“Bring it back”, but within bounds – retrieval strains the forelimbs of dogs

Training of hunting dogs like the retriever should be done with adjusted weights to avoid damage of joints or tendons. (Photo: Elli Winter/moorhunde.de)

Retriever  1

Hunting dogs such as the popular breed retriever are ideally suited for retrieving birds or small game. However, the weight the dogs carry strains their locomotor system. A motion study by experts from the University of Veterinary Medicine, Vienna showed that the dogs tilt forwards like a seesaw when they carry the prey in their mouths. Adjusted weights should therefore be used for the training of puppies and adult dogs and the joints should be checked regularly by specialists. The study was published in the journal BMC Veterinary Research.

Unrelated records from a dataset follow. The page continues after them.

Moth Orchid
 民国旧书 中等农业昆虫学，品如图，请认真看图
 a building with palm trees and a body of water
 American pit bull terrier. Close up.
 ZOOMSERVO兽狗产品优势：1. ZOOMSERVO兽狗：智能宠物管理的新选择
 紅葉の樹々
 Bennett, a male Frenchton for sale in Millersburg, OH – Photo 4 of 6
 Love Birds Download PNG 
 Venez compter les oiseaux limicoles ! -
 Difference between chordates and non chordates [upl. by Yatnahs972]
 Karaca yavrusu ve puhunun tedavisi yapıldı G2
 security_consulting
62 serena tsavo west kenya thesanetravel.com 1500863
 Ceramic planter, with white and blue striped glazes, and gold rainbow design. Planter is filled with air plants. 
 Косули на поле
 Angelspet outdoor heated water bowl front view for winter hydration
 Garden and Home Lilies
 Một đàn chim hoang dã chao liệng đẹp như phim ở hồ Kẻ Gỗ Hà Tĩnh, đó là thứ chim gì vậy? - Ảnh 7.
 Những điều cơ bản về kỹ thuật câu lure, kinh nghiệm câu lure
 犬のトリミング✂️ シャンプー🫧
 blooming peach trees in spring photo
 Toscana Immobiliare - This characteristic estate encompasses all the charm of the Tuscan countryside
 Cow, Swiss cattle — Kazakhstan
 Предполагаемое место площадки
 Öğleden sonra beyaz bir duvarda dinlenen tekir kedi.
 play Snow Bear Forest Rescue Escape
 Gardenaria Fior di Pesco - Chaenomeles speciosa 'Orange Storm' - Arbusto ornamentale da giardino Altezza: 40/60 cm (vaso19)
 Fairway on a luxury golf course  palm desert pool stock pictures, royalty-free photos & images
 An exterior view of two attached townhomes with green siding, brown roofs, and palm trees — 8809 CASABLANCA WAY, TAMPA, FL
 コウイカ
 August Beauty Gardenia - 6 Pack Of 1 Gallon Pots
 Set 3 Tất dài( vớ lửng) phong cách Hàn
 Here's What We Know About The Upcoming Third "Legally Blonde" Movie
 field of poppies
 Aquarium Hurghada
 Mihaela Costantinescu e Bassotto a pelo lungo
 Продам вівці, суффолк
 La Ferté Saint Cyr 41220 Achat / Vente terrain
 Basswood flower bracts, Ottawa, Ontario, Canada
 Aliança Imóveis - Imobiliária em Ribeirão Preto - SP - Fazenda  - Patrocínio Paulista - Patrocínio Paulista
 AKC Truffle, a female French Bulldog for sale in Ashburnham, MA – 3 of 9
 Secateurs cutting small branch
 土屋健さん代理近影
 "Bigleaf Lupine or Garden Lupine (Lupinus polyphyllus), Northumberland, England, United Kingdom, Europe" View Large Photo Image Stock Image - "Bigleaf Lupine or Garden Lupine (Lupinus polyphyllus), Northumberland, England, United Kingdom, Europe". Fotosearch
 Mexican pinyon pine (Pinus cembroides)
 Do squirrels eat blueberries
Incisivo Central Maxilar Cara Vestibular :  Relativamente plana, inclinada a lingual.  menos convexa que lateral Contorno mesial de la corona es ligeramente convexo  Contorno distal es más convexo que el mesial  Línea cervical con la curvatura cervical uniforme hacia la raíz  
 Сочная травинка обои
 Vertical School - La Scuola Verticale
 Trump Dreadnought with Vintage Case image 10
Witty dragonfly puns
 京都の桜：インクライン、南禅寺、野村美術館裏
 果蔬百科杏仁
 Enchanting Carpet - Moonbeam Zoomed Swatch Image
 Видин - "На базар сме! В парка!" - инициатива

Originally, retrievers were not bred as family dogs but as dogs for work and hunt. They are so-called gun dogs which can be used to retrieve birds and small game such as rabbits. This ability is meanwhile also used in competitions in which the dogs only retrieve the dummies they are trained with from their puppy age.

An adult animal can carry loads of several kilos in its mouth. “But even if gun dogs have the required attributes, the additional weight is physically burdensome for them,” said Barbara Bockstahler from the Clinical Unit of Small Animal Surgery at the Vetmeduni Vienna. Particularly the joints and tendons of the locomotor system are strained when dogs retrieve objects. But it has been unclear so far if the weight of this load is spread on all parts of the locomotor system or if it causes a one-sided strain.

Movement analysis lab for dogs to give indication

The effects on the locomotor system have been analysed in a special movement lab with ten trained dogs. The researchers walked the dogs over a so-called pressure plate with or without loads in their mouths. “By using a pressure plate, we can measure the bottom-up ground reaction force,” explained Bockstahler. This force is exerted back by the ground and equivalent to the force exerted when the weight hits the ground.

The scientists found out that the load in the dog’s mouth causes the forces to increase, but particularly affects the forelimbs. In any case and with rising weight, the dogs became lighter on their hindlimbs. Carrying the prey had an effect similar to a seesaw.